Support Questions

Find answers, ask questions, and share your expertise

Agents unable to contact Host-Monitor for avro schema errors

avatar
Explorer

Hi,

 

I'm having an issue with multiple cloudera manager agents on a CDH 5.2 cluster.
The error we are seing on the CM web-interface is a generic one: This host is in contact with Cloudera Manager. The host's Cloudera Manager Agent's software version can not be determined

The issue is not permanent and randomly comes and goes.

 

In the log files (/var/log/cloudera-scm-agent/cloudera-scm.agent.log) the daemon prints a lot of these messages:

 

[04/Sep/2016 17:40:54 +0000] 6757 MonitorDaemon-Reporter throttling_logger ERROR    (9 skipped) Error sending messages to firehose: mgmt-HOSTMONITOR-398eb4f15a6b55c56ba3c74ad84d8633
Traceback (most recent call last):
  File "/usr/lib64/cmf/agent/src/cmf/monitor/firehose.py", line 75, in _send
    self._requestor.request('sendAgentMessages', dict(messages=messages))
  File "/usr/lib64/cmf/agent/build/env/lib/python2.6/site-packages/avro-1.6.3-py2.6.egg/avro/ipc.py", line 135, in request
    self.write_call_request(message_name, request_datum, buffer_encoder)
  File "/usr/lib64/cmf/agent/build/env/lib/python2.6/site-packages/avro-1.6.3-py2.6.egg/avro/ipc.py", line 173, in write_call_request
    self.write_request(message.request, request_datum, encoder)
  File "/usr/lib64/cmf/agent/build/env/lib/python2.6/site-packages/avro-1.6.3-py2.6.egg/avro/ipc.py", line 177, in write_request
    datum_writer.write(request_datum, encoder)
  File "/usr/lib64/cmf/agent/build/env/lib/python2.6/site-packages/avro-1.6.3-py2.6.egg/avro/io.py", line 768, in write
    raise AvroTypeException(self.writers_schema, datum)

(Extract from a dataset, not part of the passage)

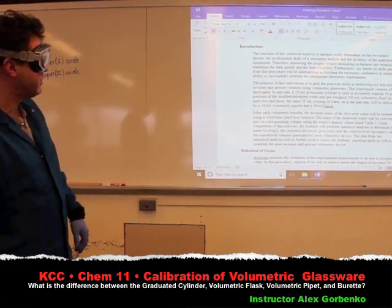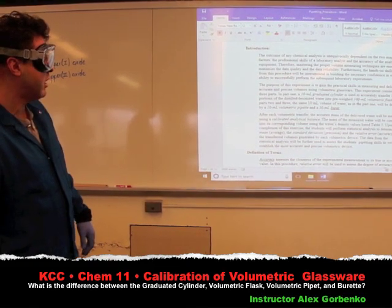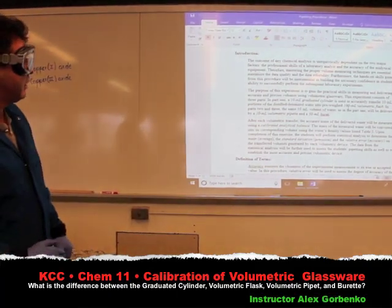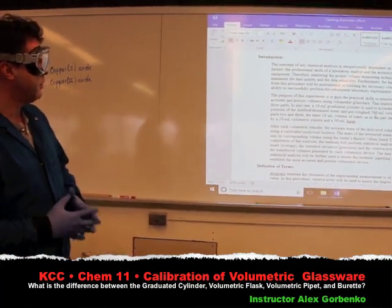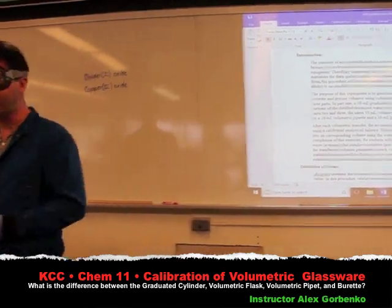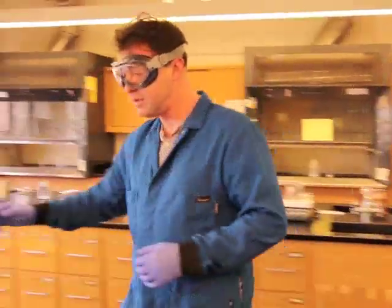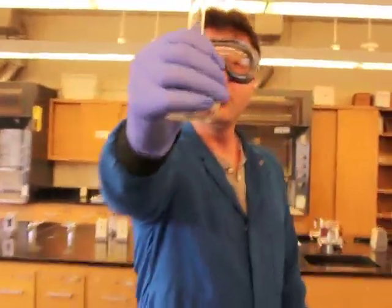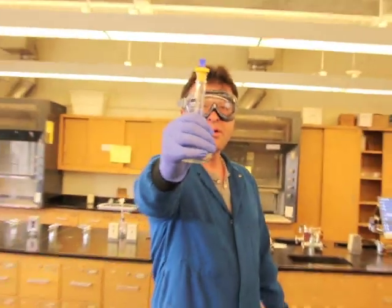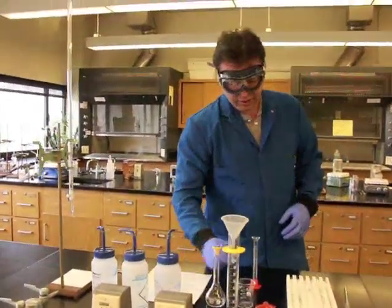Again, it's going to be just three pieces of equipment - this one is just to be used as a container. If we do a good job after 10 deliveries of 10 ml of each portion using a different volumetric glassware, we should get the bottom of the meniscus touching the line here on the volumetric flask, which will tell us that we got exactly 100.0 ml of water delivered.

    ... formatted python dictionary ...

    is not an example of the schema [... whole avro schema...]

From my understanding the agent fails to serialize the data collected from the host to avro and can't update the host monitor.

 

On these machines I also have a know-issue on the reported speed on the NICs: according to the OS i have 10Gbits interfaces that are doing hundreds of GiB/s (an obvious bug in the OS itself or on the NIC's fw/driver).

Using the data from the "Last HMON status" from the agent's web-ui I've discoverd this "strange" coincidence: when an agent is experiencing the issue there's at least one NIC with a metric value > than the max long value:

 

{'iface': 'bond0',
 'metrics': [ ....
             {'id': 11130,
              'value': 9435474096333102400L},
              ... ],
}

I don't know exaclty what these metric measure, maybe the bytes sent/received in the last minute? Netherless these numbers, compared with other host w/o the nic issue, are exceptionally high.

Now, in python this isn't a problem because you basically can't overflow an int/long, but maybe the error above happens when the agent can't convert this very big number to a 64bit long in avro (9435474096333102400 is bigger than 9223372036854775807 = 2^63-1). I'm not sure about this because I can't really understand the avro schema and I don't know if the expected type for value is a long.

 

What do you guys think? Has someone experienced anything like this?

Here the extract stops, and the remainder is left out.